Il Sarin è infatti «letale anche in concentrazioni minime» ed è per questo impossibile intervenire senza neppure indossare dei semplici guanti. Per non parlare delle ridicole pompe d’acqua usate dai White Helmets, del tutto inutili dato che l’unico modo per salvare la vita a chi ha subito un’intossicazione simile è la tempestiva e ripetuta somministrazione di un antidoto specifico. Senza contare che è assai improbabile che ci siano state “solo” una sessantina di vittime, se si fosse realmente trattato di Sarin. In base a questi indizi, si è ipotizzato che il gas responsabile della strage non fosse un nervino (come appunto il Sarin), ma un asfissiante come il cloruro di cianogeno, già usato dai terroristi nel corso della guerra e compatibile con i sintomi mostrati dal filmato.

Punto quarto: cui prodest? A chi avrebbe giovato una strage di civili? A chi stava vincendo la guerra e non avrebbe avuto alcun motivo di inimicarsi il proprio popolo, oltre alla comunità internazionale? Una domanda che si è posto anche Ron Paul: «Qualcuno crede davvero, alla vigilia degli accordi sulla pace e subito dopo che la Casa Bianca aveva affermato che il popolo siriano avrebbe dovuto scegliere il proprio leader, che Assad abbia lanciato un attacco chimico, portando il mondo intero contro di sé?».

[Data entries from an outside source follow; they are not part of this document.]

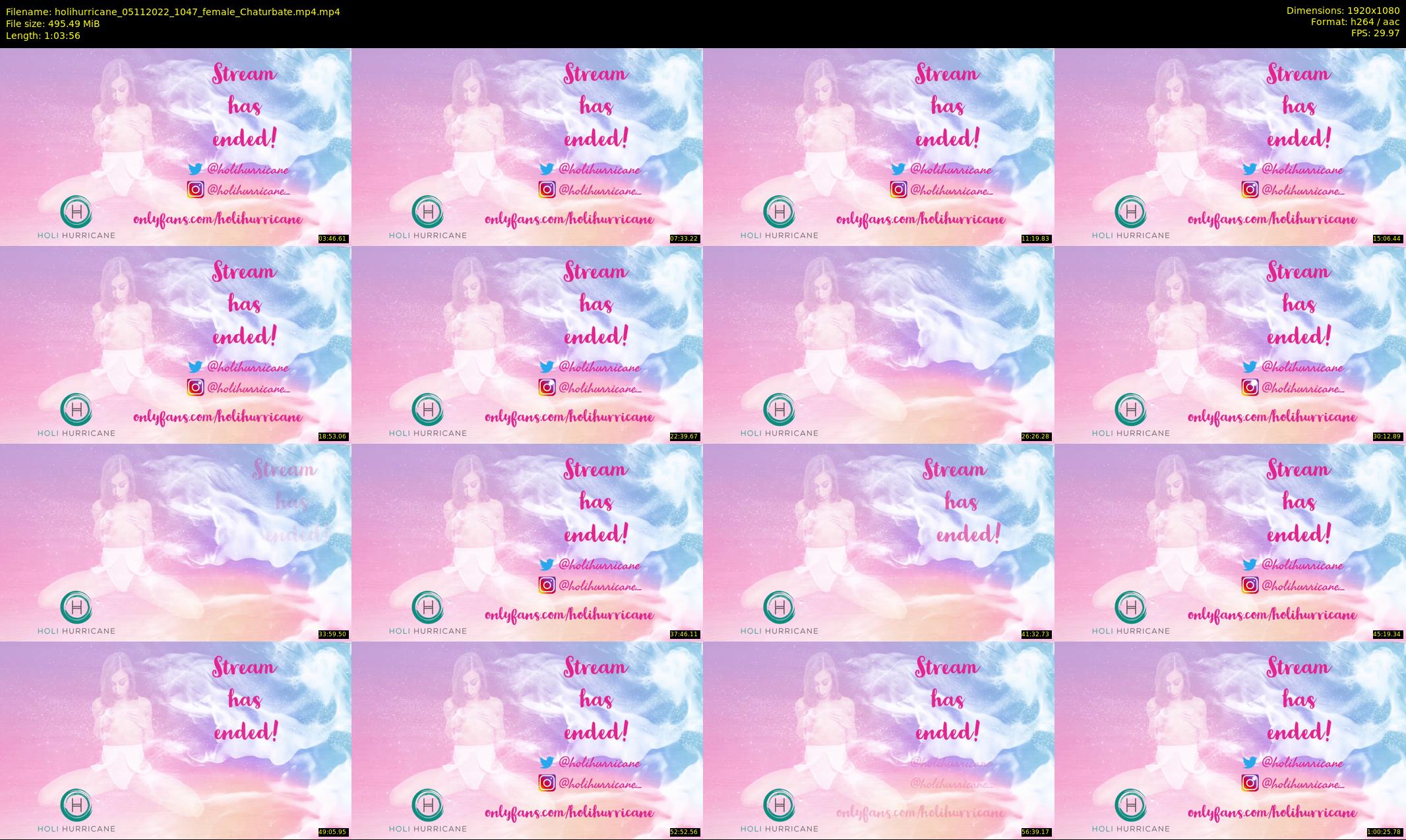 holihurricane — 64 minute Chaturbate female cam show recording, 1080p, Nov 5, 2022
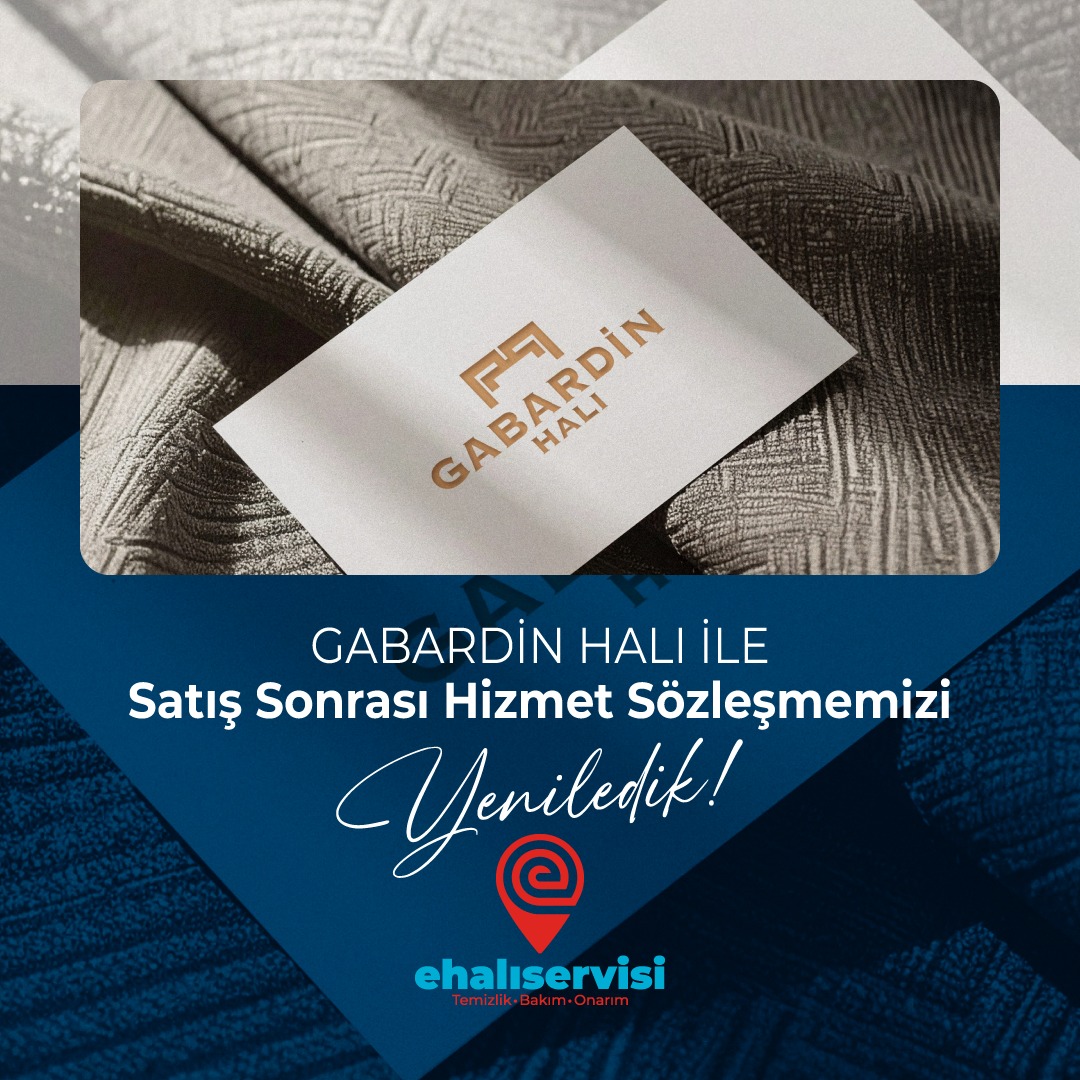 Gabardin Hal� ile Anla�mal� Servis �� Birli�imiz 2026 Y�l�nda da Devam Ediyor�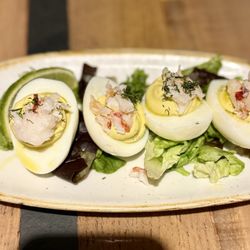 Monkeypod Kitchen by Merriman - Lobster deviled eggs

Insomma, davvero è stato Assad a beneficiare delle conseguenze di una simile strage? O forse questa ha giovato a chi quella guerra la stava perdendo, ossia organizzazioni terroristiche che certo non si fanno scrupoli morali quando si tratta di uccidere uomini e donne, anziani e bambini, per farne anche scudi umani? L’ipotesi di un attentato false flag è poi avvalorata dal fatto che, dopo lo strike missilistico americano, ISIS e al-Qaeda hanno sferrato a loro volta alcuni attacchi contro l’esercito regolare siriano.

Punto quinto: i precedenti. Le accuse mosse al presidente siriano non sono certo una novità. Già in passato, infatti, gli Stati Uniti avevano accusato altri capi di Stato di essere in possesso di armi di distruzione di massa. Qualcuno ricorda la famosa fialetta agitata da Colin Powell come se fosse la prova schiacciante dell’esistenza delle mai trovate armi chimiche di Saddam Hussein? Qualcuno ricorda le stesse accuse rivolte a Mu’ammar Gheddafi, della cui morte si è presa gioco la cara e pacifica Hillary Clinton, tra un applauso e una risata soddisfatta?

La verità è che nessuno sa cosa sia successo a Idlib. Neppure l’ONU si è espressa in merito. Eppure, gli Stati Uniti non hanno perso l’occasione di lanciare la solita scarica di missili su uno Stato sovrano. L’ennesimo. Per questo motivo, si rende ora necessario prendere le distanze da Donald Trump: il nostro appoggio dei mesi scorsi era dettato infatti non dalla sua persona in quanto tale, ma dalle sue promesse di isolazionismo e non ingerenza negli interessi delle altre nazioni.

Una volta tradite tali aspettative, non ha dunque più senso, per noi, perseverare nell’appoggio al presidente americano: sarebbe come schierarsi dalla parte di Hillary Clinton, che aveva fatto dello slogan «Assad must go» uno dei punti principali del suo programma di politica estera. Ci siamo illusi che l’America potesse cambiare rotta, ma così non è stato. Impareremo dal nostro errore.